My first problem with this recipe is the addition of Sriracha sauce.
Don’t get me wrong—I love the red cock sauce as much as the next guy. It adds a complexity to dumplings and mac and cheese that sometimes eludes subpar cooks. But I’m truly distraught at the idea of adding this kind of kick to nachos.
If you’re trying to create an impeccable dish, get that “kick” with a real Mexican hot sauce. There’s Pico Pica. Or perhaps Tapatío. Save Sriracha for the dining hall and tasteless takeout.
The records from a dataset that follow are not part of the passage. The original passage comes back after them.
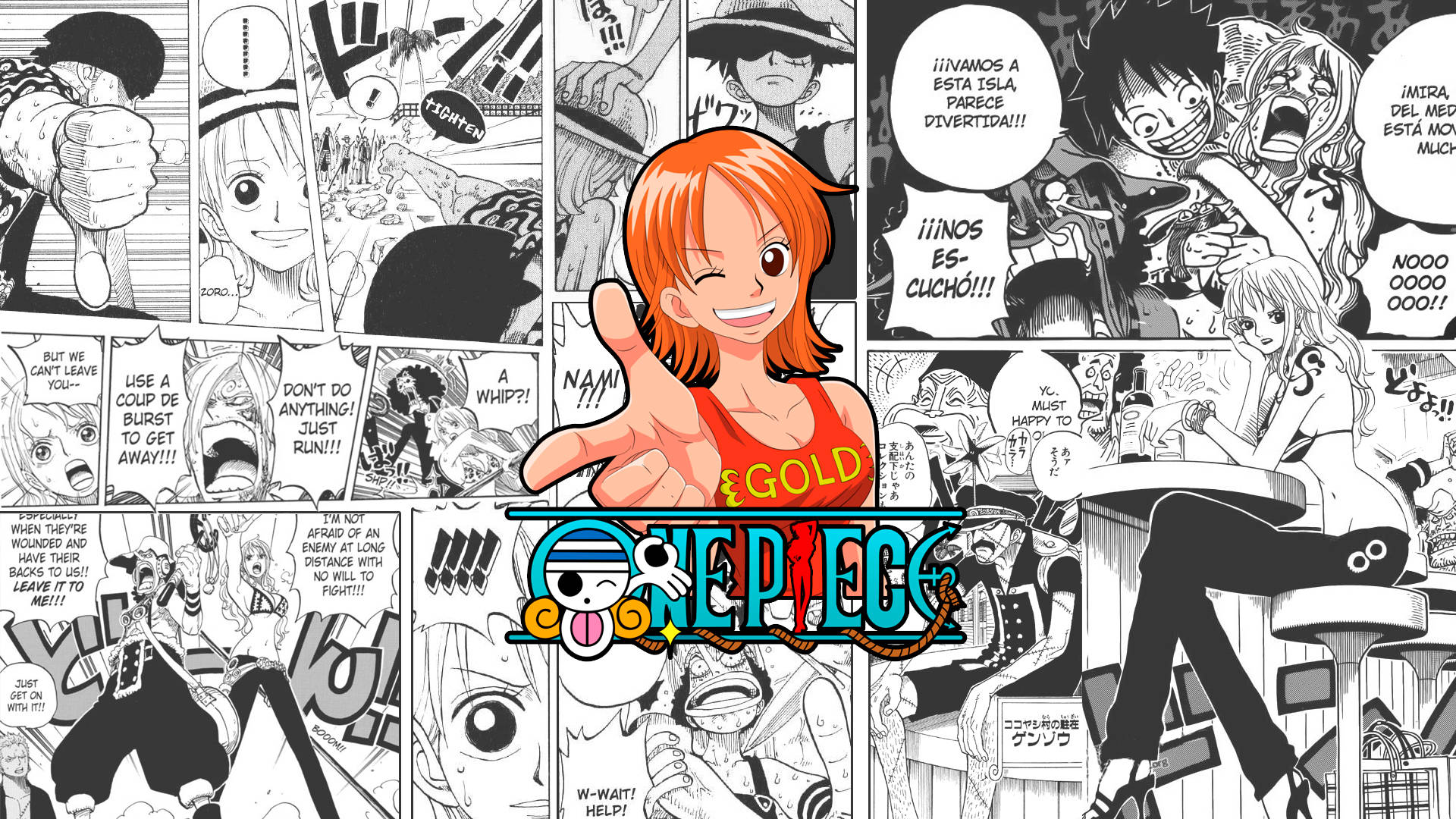 海賊王 4K 桌布 壁紙 — 充滿活力的One Piece漫畫面板，中央是穿著紅色上衣的娜美，周圍是帶有西班牙語對話的動態黑白漫畫條。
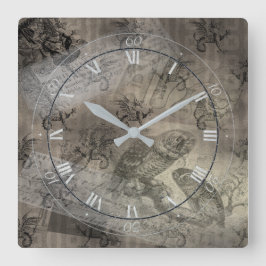 Mythical Uggla Halloween Ephemera Papprare Mönster Fyrkantig Klocka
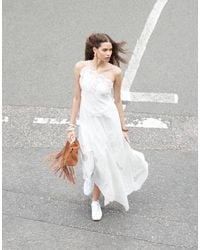 ASOS - Embroidered Lace Panel Maxi Dress With Open Back Detail And Asymmetric Hem - Lyst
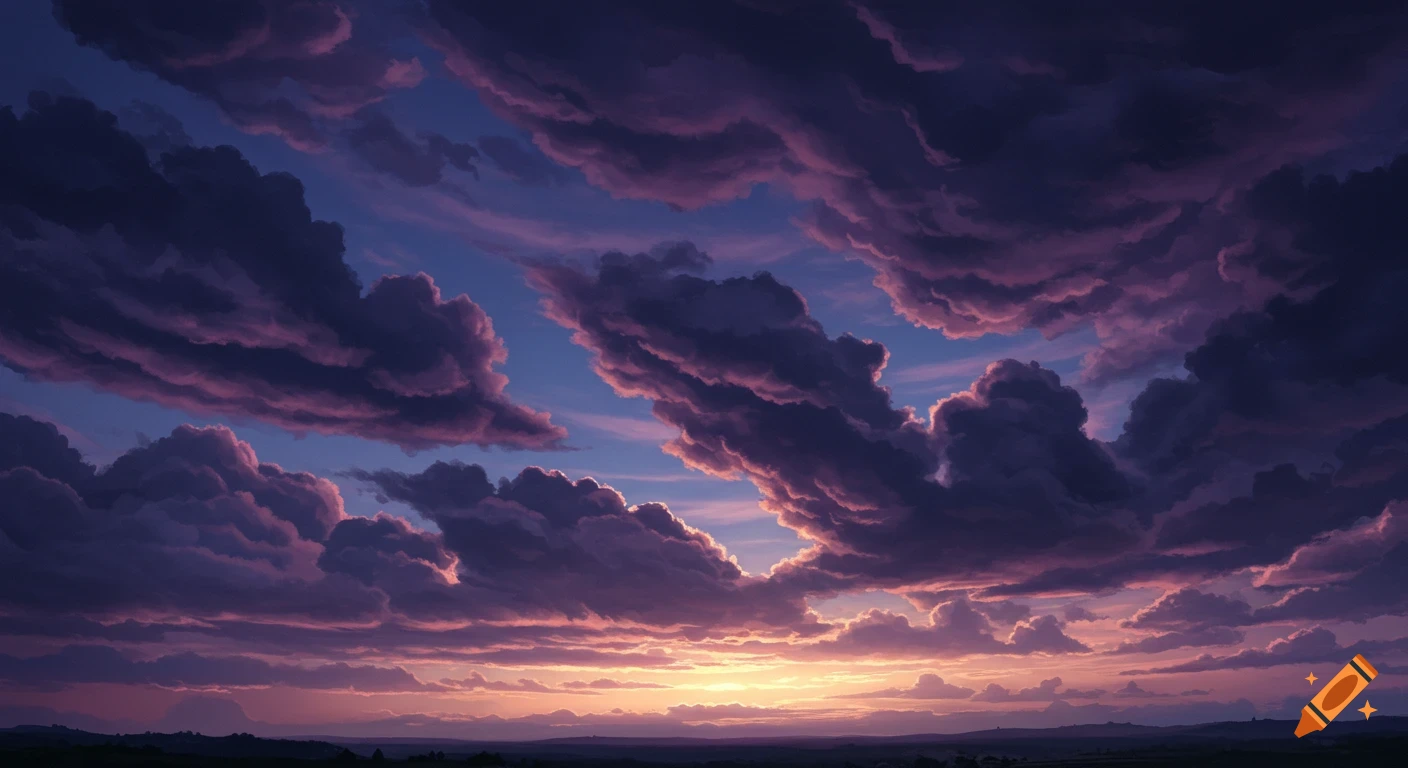 A dramatic, illustrated sunset sky with dark purple and blue clouds above a dark landscape silhouette.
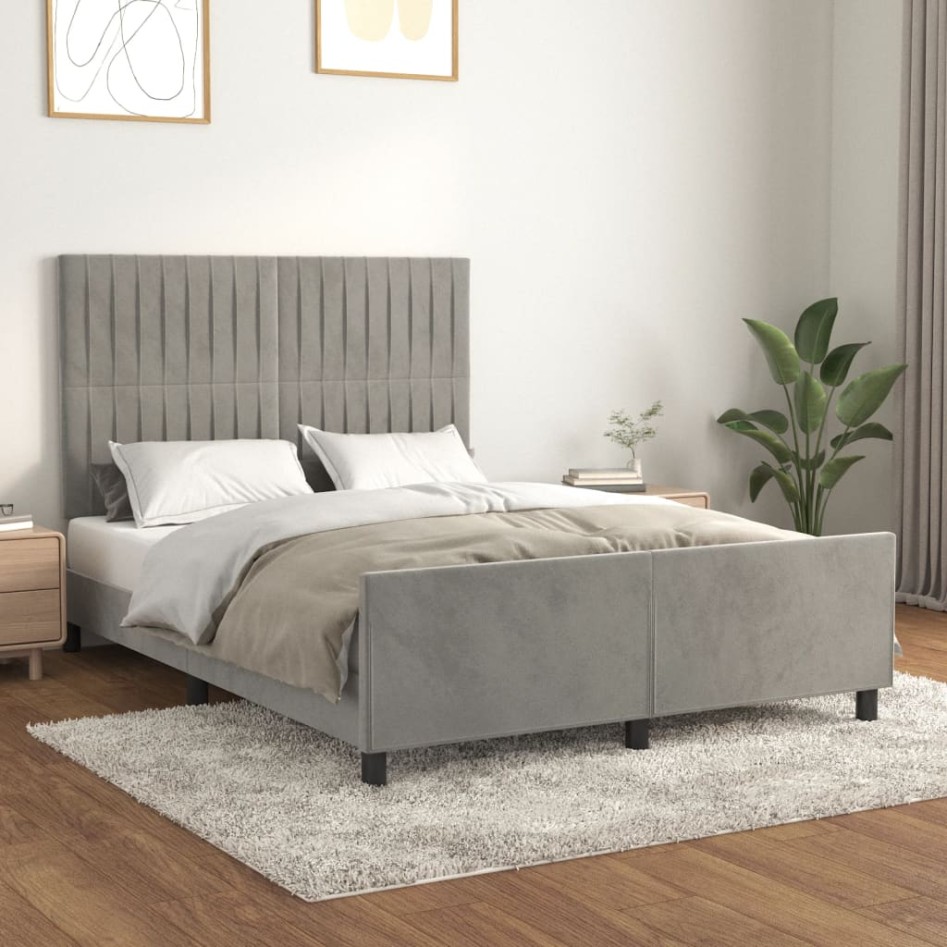 Estructura de cama sin colchón terciopelo gris claro 140x200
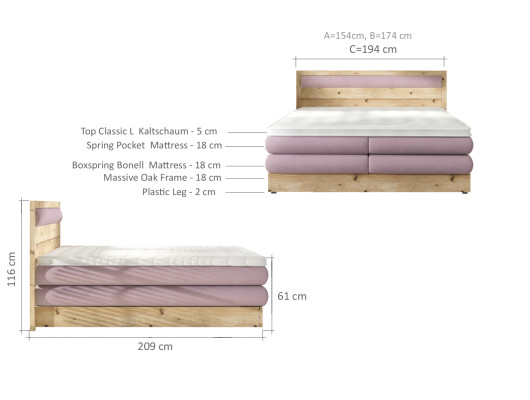 Cama de lujo con somier de láminas de madera de roble, diseño tapizado de cuero real de estilo rural.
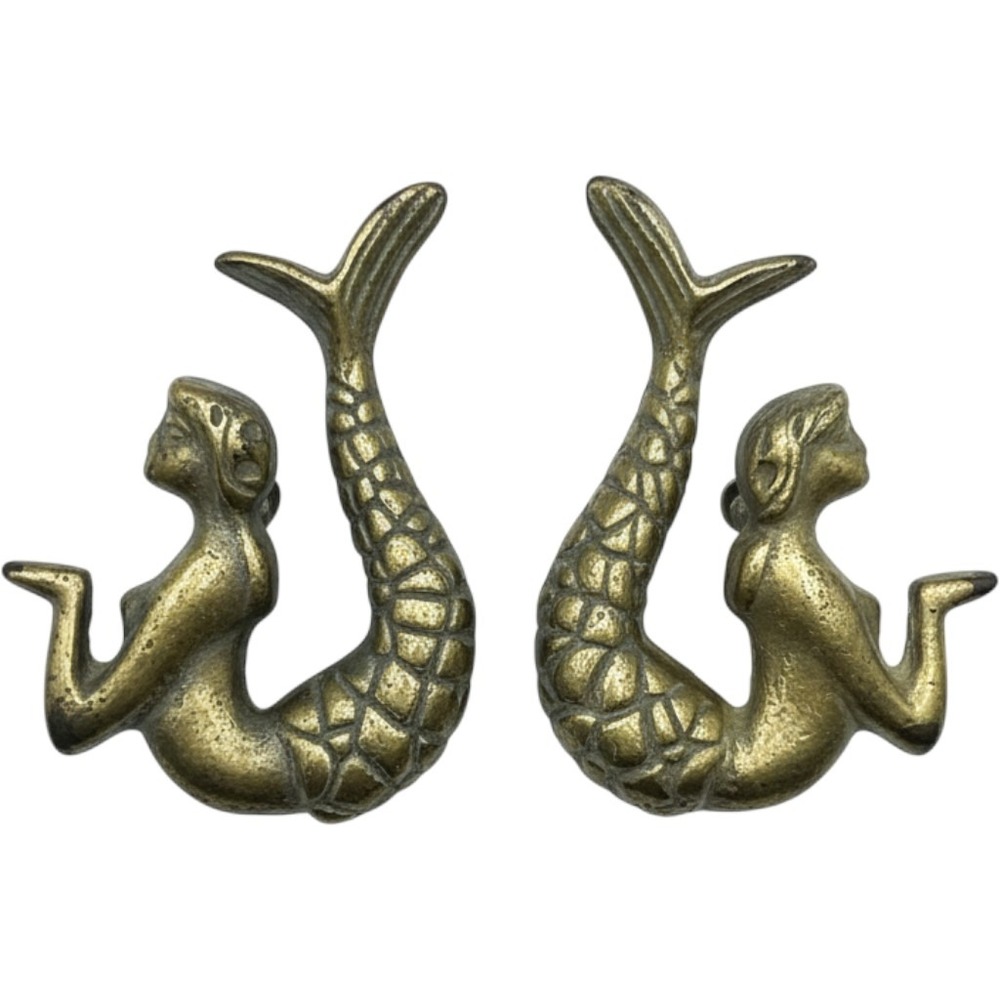 Vintage Mermaid Drawer Knobs Set of 2 Antiqued Brass Nautical Cabinet Pulls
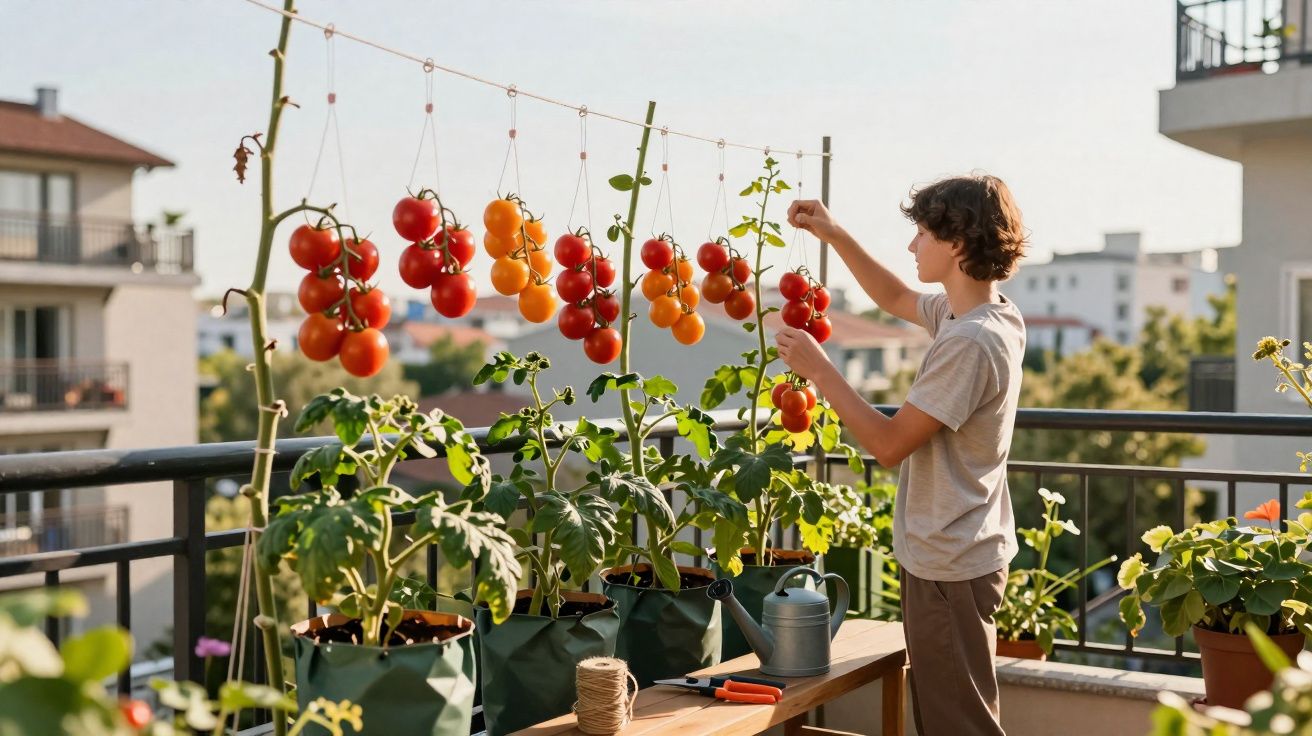 Rapaz num terraço a apanhar tomates maduros pendurados em paus, rodeado de vasos e utensílios de jardim.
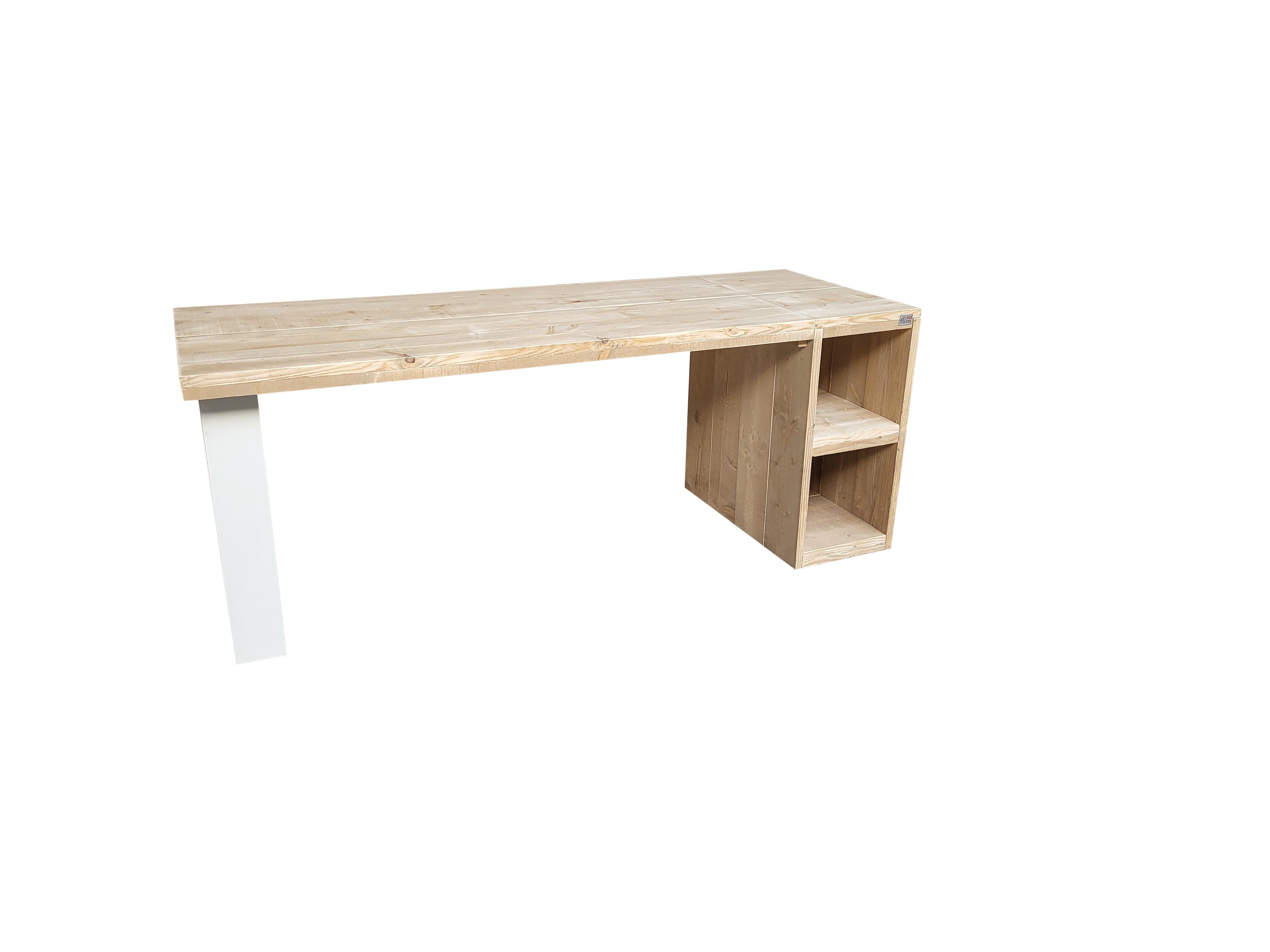 Scrivania in legno San Diego con ripiani e dimensioni 150/72 cm con gambe Colore Bianco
It’s just offensive.
Furthermore, this nonsense with the lettuce is alarming.
The creator behind these nachos does point out that his goal is to make a bite-sized nacho, but that conflicts with the original statement of making “the perfect nacho.” So what is the truth?
If we elevate our nacho scholarship even higher, we must then question the word “perfect.”
There is no objective “perfect” in the world of nachos. “Perfect” is often relative; perfection in this sense means being able to plop a nacho into your mouth. But putting lettuce on nachos before baking is just gross. Who wants to feel the warm texture of those greens?
Finally, where’s the guacamole? If you’re already cooking at home, you might as well invest in some avocados. Forget paying extra for the scam that is one portion of guac at Chipotle.
Let this be a lesson to you all: Before you claim to have created the “perfect” recipe, do a little soul-searching and decide if that’s objectively true.